How were the log-probability mismatch and attention sink issues resolved?

The log-probability mismatch was resolved by enforcing the importance sampling ratio to one when on-policy. Attention sink support was implemented by adapting the forward pass from vLLM’s FlashAttention fork and developing a custom backward pass for FlashAttention v3.

What was the impact of the memory efficiency fix for GPT-OSS?

The memory efficiency fix addressed excessive memory allocation during FSDP forward passes by patching the Hugging Face Transformers implementation. This avoided repeated materialization of MoE experts, preventing out-of-memory errors and making large-scale training more feasible.

What kind of tasks did GPT-OSS show improved performance on after the fixes?

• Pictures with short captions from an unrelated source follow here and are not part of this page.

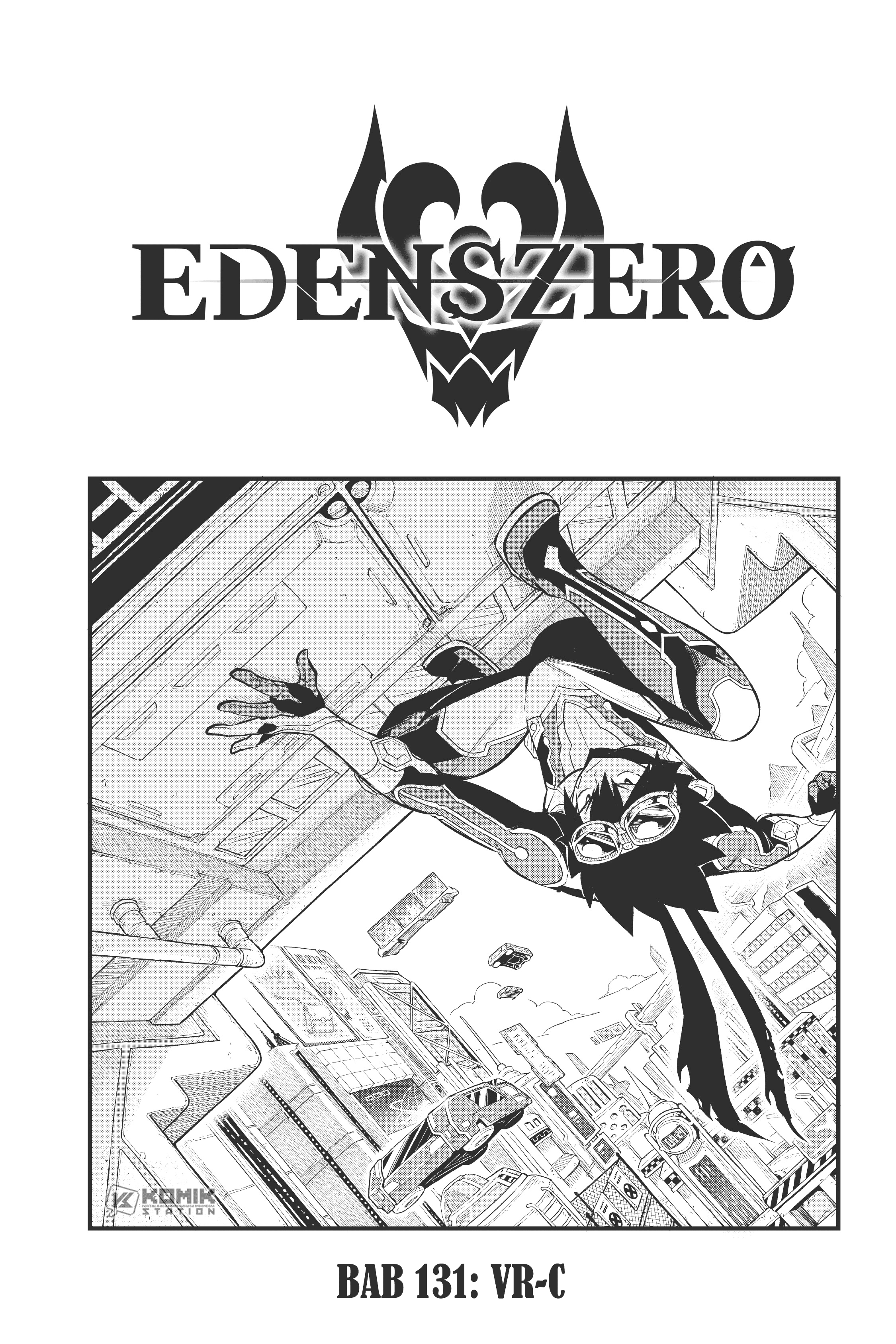 Eden’s Zero Chapter 131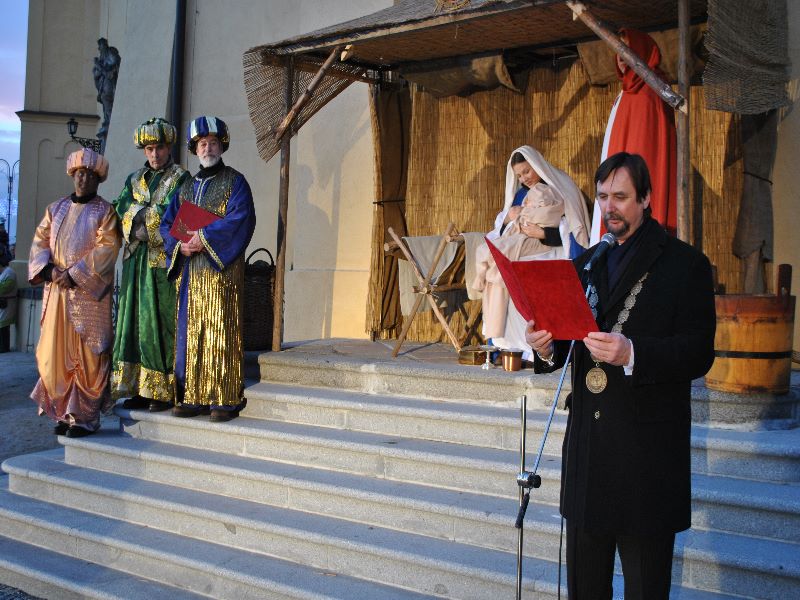Období Vánoc bylo v Příbrami zakončeno Tříkrálovým průvodem - 9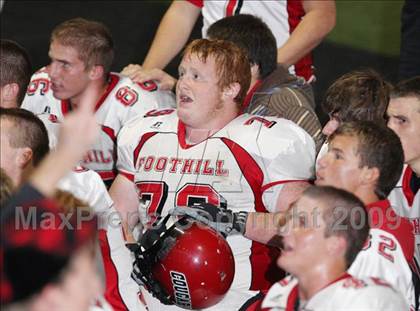 Thumbnail 3 in Union vs. Foothill (CBA Football Classic) photogallery.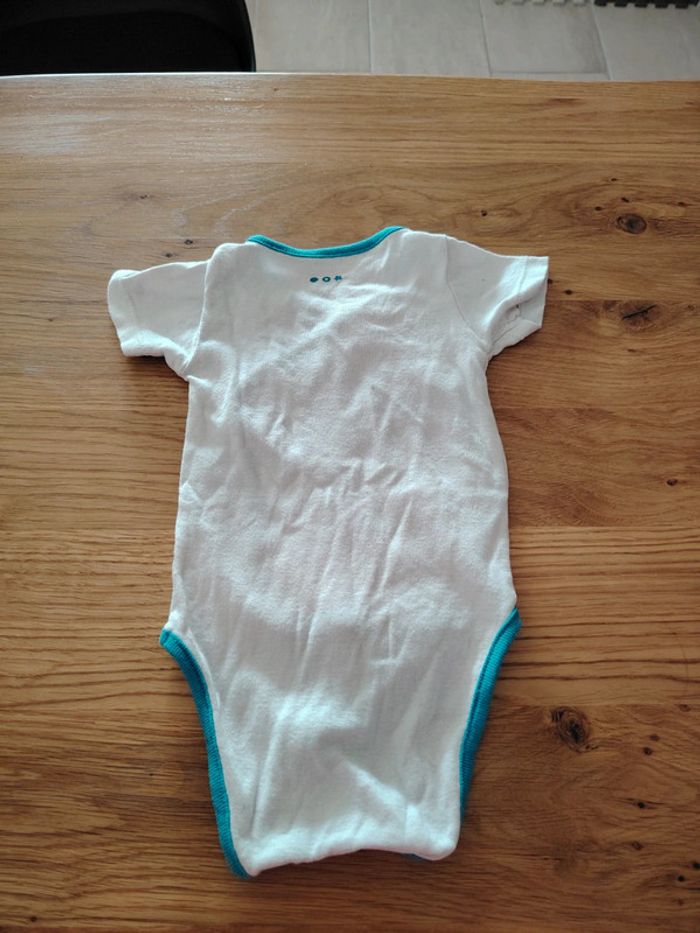 Bodie manche courte taille 3 mois - photo numéro 2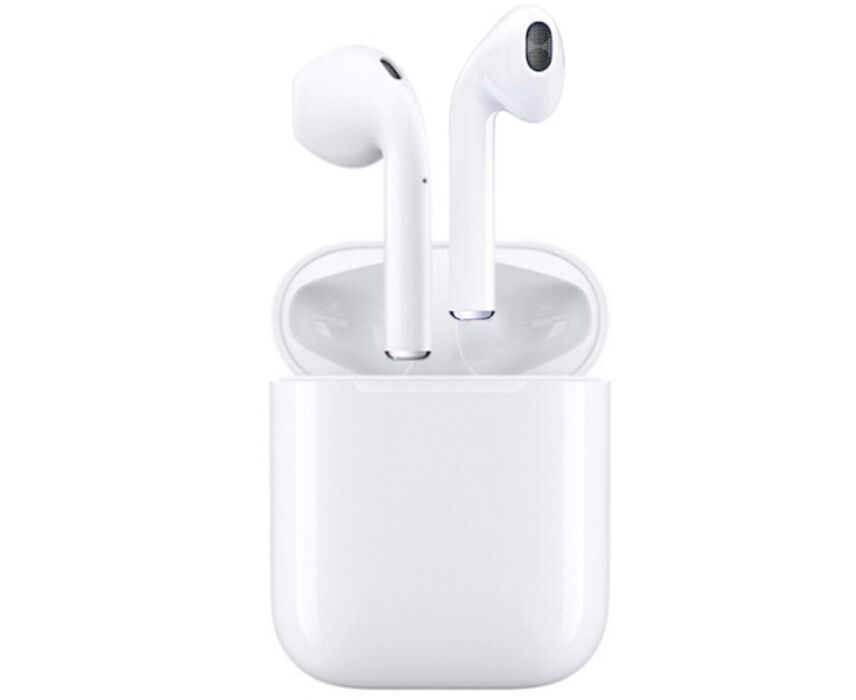 Беспроводные наушники TWS TOTU EAUB-024, Bluetooth, белый
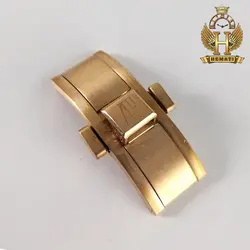 قفل ساعت مچی اودمار پیگه سایز مردانه (بند فلزی)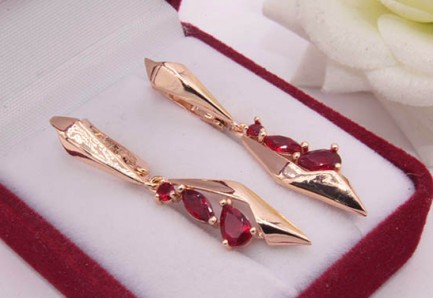Серьги E-378 цена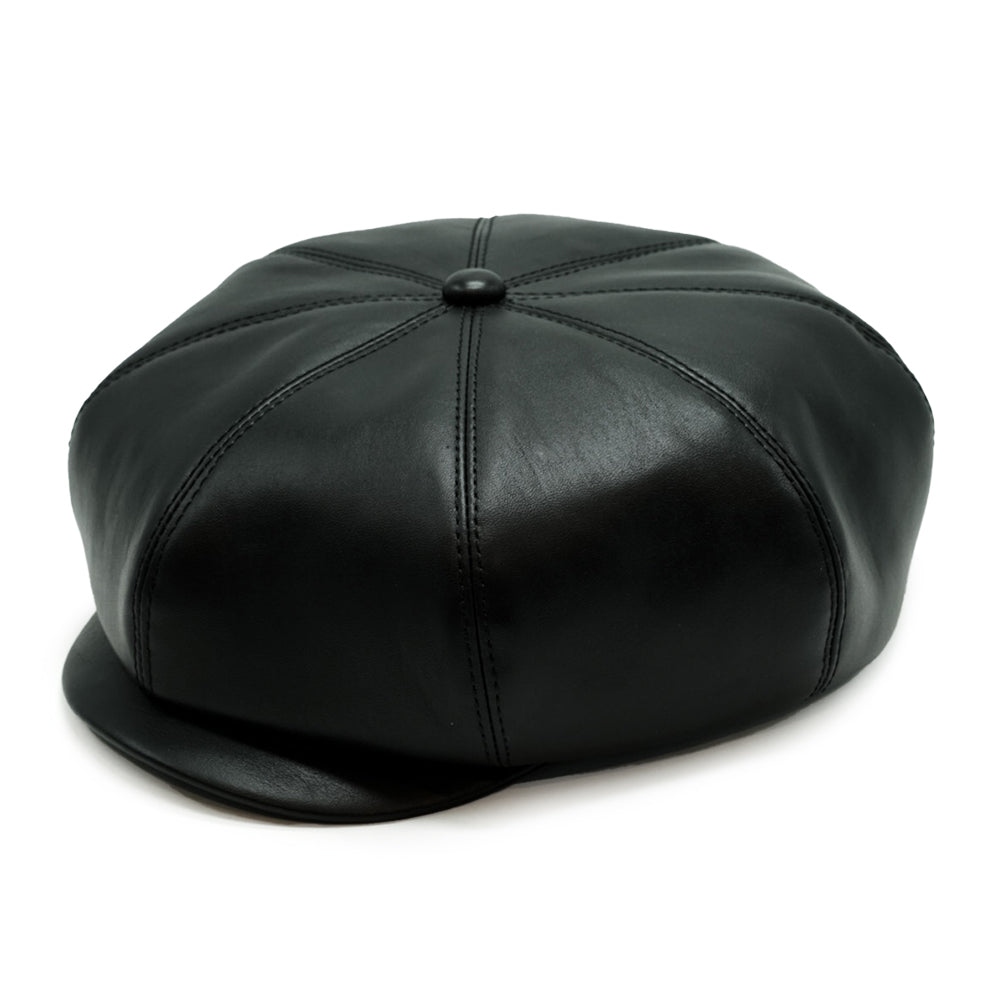 BRUNEL＆Co. レザーキャスケット B-901 /「BS CASQUETTE / COW HIDE」BSキャスケット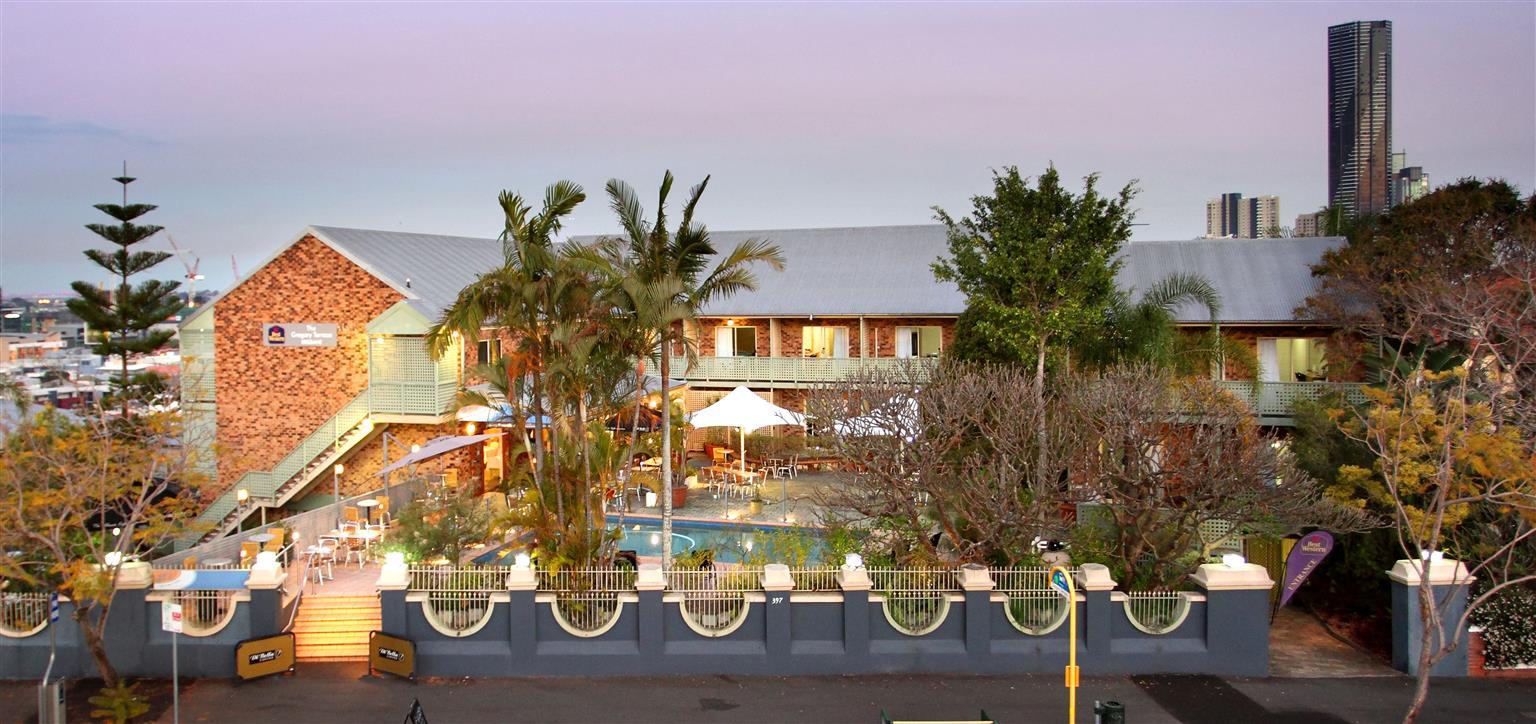 Best Western Gregory Terrace Brisbane Eksteriør billede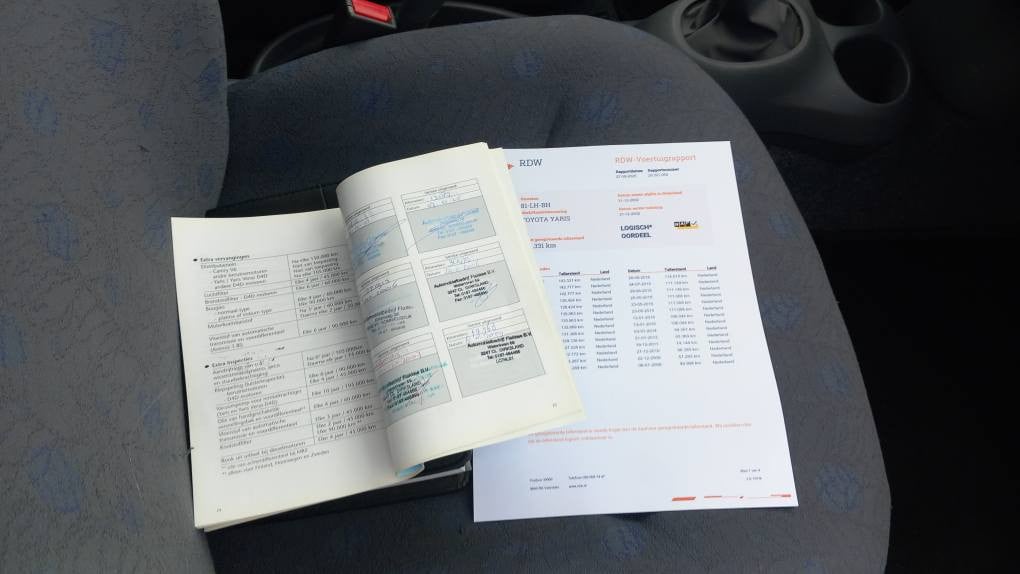 Toyota YARIS 1.0 VVT-I 3drs bj:2002 lm-velgen 143.000km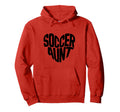 Soccer Aunt Proud Soccer Auntie Hoodie - Casual Everyday Wear for Adults - T-Shirt, Sweatshirt, Hoodie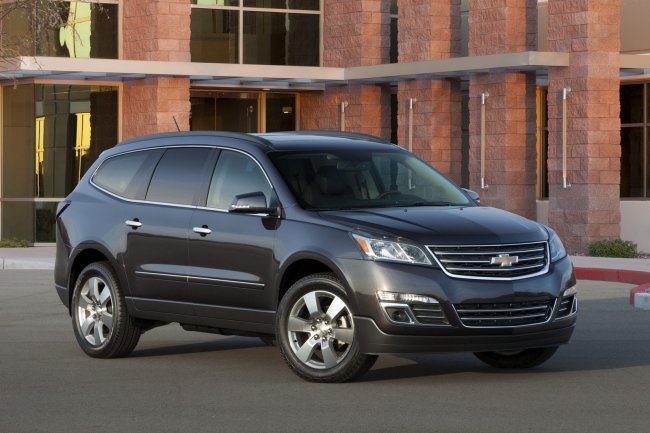  Chevrolet         Traverse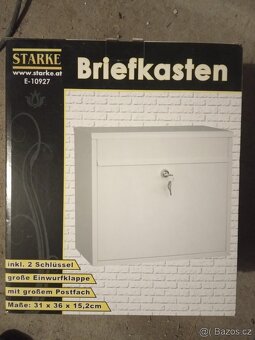 Schránka na dopisy - 2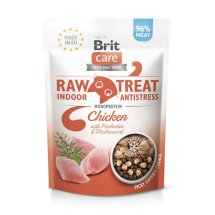 Ласощі Brit Raw Treat Freeze-dried Indoor and Antistress д/домашніх котів д/заспокоєння курка - 40 г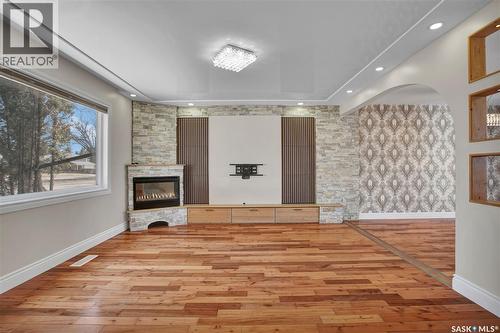 2406 Preston Avenue S, Saskatoon, SK - Indoor With Fireplace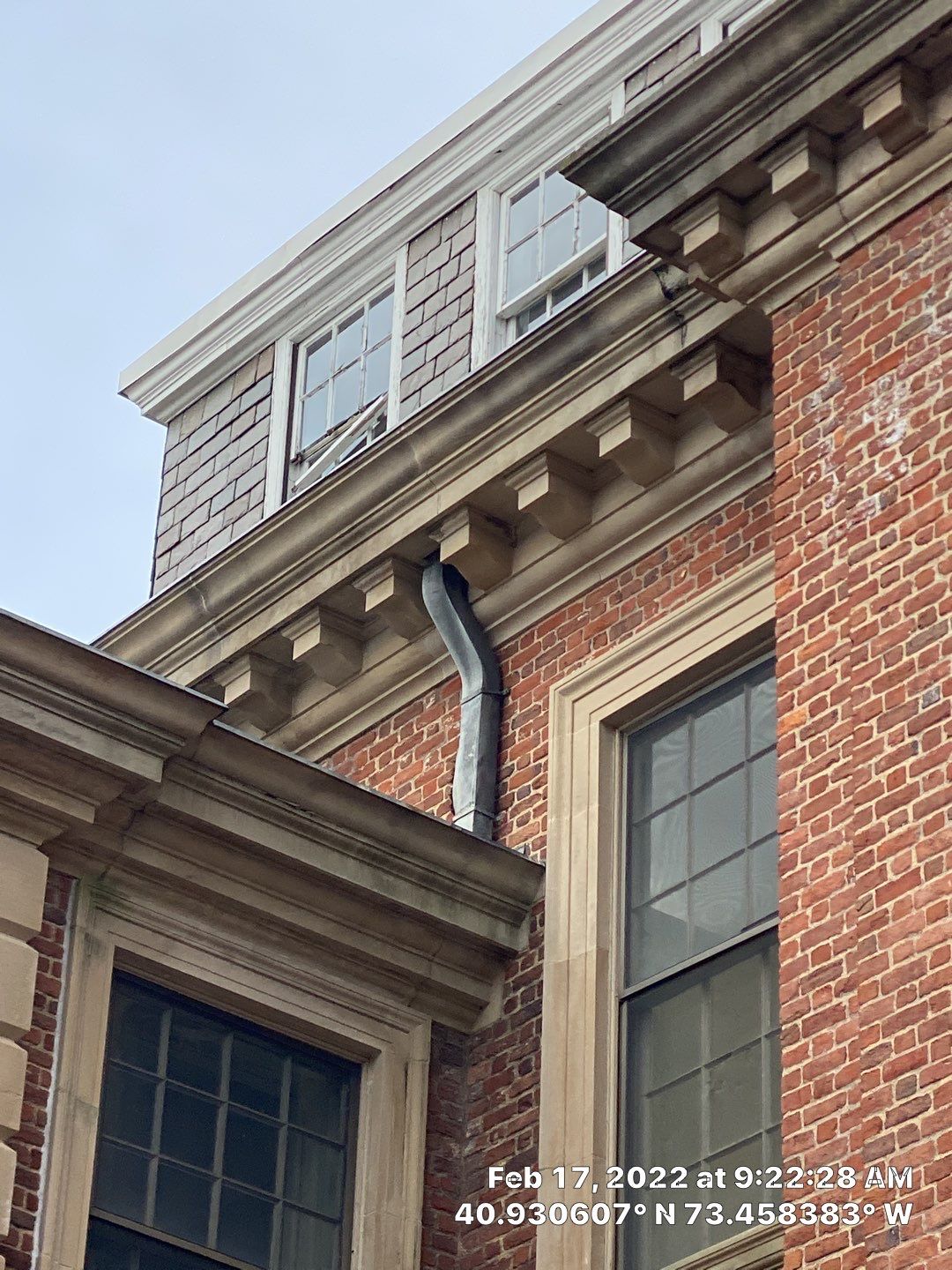 Caumsett Mansion by Above All Gutters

After applying the fixes, GPT-OSS-20B showed substantially faster convergence and steady reward improvement across single-turn RL on math reasoning (GSM8K), instruction following (VerifyIf), and multi-turn agentic RL with tool use (ReTool).

KEY TAKEAWAYS

  • Agentic RL training for GPT-OSS has been successfully enabled, moving beyond single-turn optimization to multi-step decision processes.
  • Critical debugging efforts addressed issues like log-probability mismatches in MoE architectures and training-inference inconsistencies related to attention mechanisms.
  • Specific fixes included enforcing an importance sampling ratio of one for PPO and implementing full attention sink support in FlashAttention v3.
  • Memory efficiency for GPT-OSS training under FSDP was significantly improved by optimizing MoE expert materialization.
  • The validated GPT-OSS-20B model now exhibits stable training and faster convergence on tasks ranging from math reasoning to multi-turn agentic tool use.